### Work item:
When you copy from the entries that follow, take only the lines from the one with "如何提现Tokenim到USD：全面指南" down to the one with "相性と調和：五行の関係性から読み解く", keeping both ends and dropping every picture.

### Data under study:
------------------------------------------------
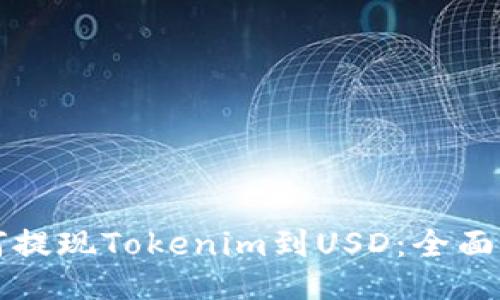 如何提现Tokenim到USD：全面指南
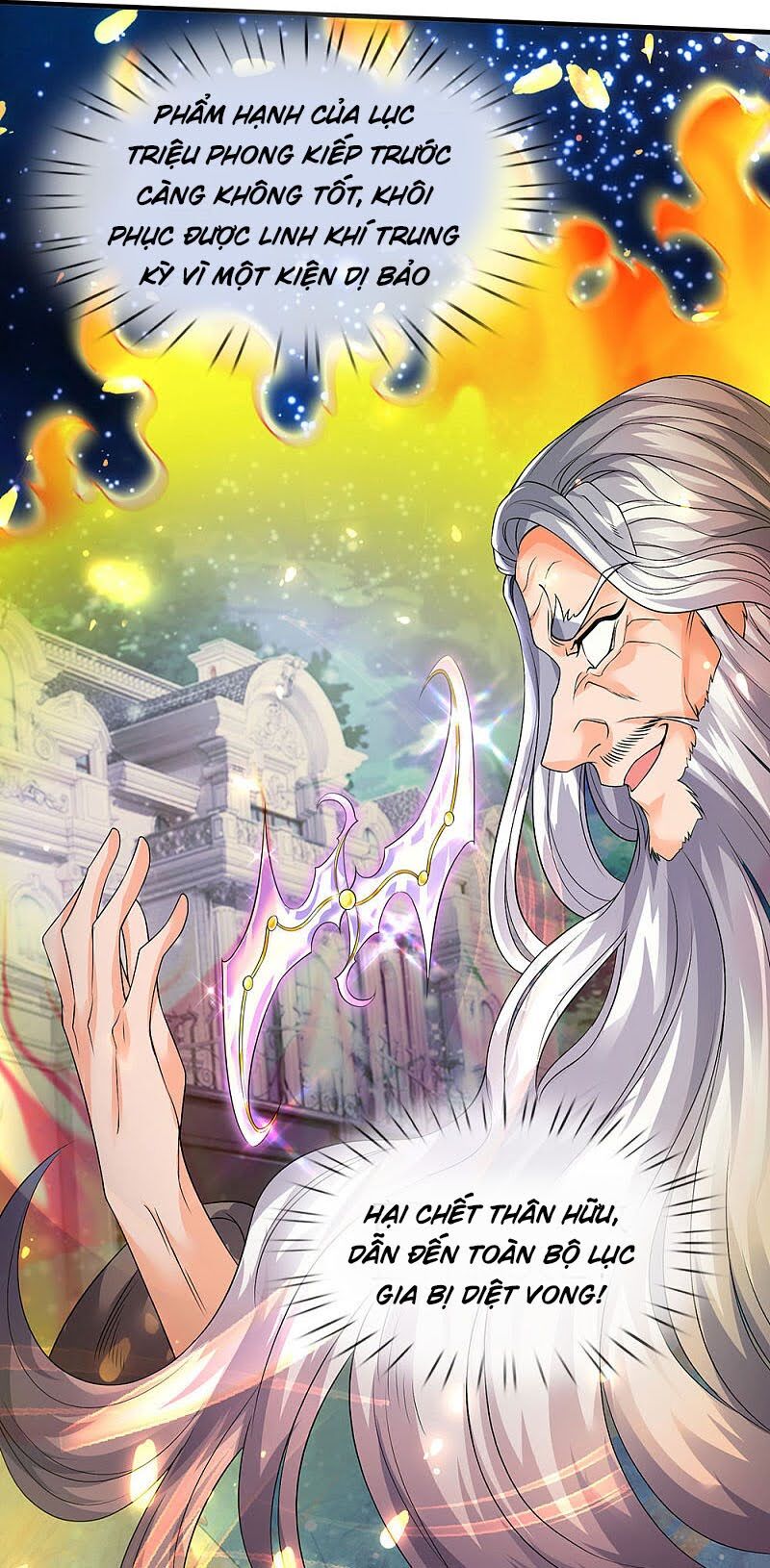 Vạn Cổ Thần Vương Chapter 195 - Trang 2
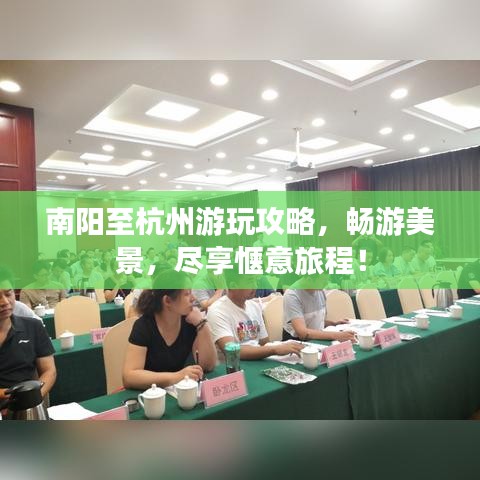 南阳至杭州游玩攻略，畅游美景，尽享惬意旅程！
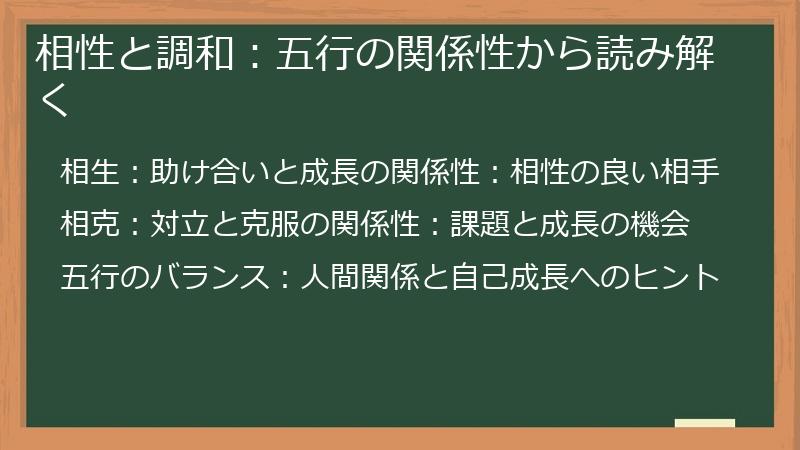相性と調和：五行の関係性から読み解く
------------------------------------------------
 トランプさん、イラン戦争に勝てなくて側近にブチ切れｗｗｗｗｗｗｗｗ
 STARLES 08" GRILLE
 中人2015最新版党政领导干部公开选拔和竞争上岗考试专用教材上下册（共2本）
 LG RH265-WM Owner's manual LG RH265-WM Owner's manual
------------------------------------------------
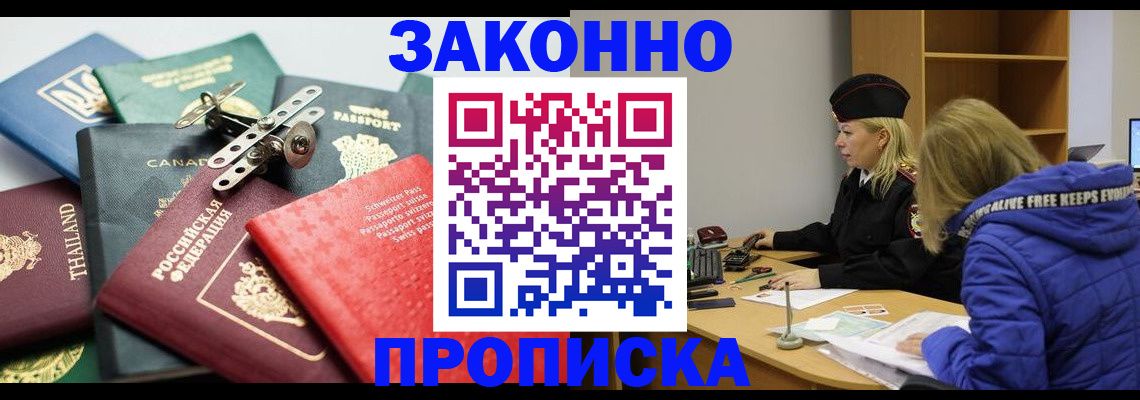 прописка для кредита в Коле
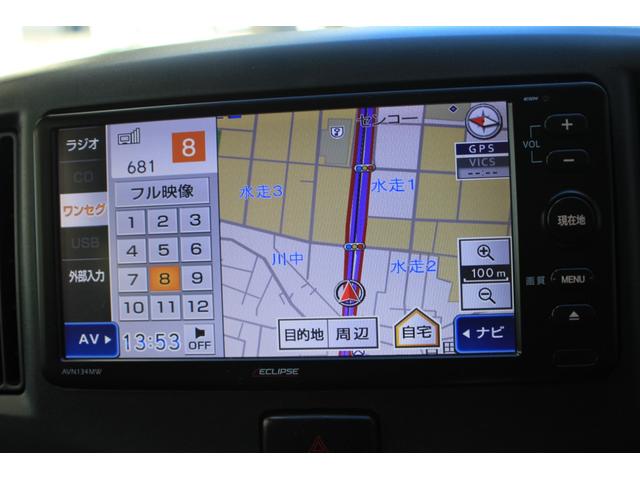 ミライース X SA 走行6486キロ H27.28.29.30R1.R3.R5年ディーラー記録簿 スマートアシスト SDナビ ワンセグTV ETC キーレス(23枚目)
------------------------------------------------
### Task result:
 如何提现Tokenim到USD：全面指南
 Vạn Cổ Thần Vương Chapter 195 - Trang 2
 南阳至杭州游玩攻略，畅游美景，尽享惬意旅程！
相性と調和：五行の関係性から読み解く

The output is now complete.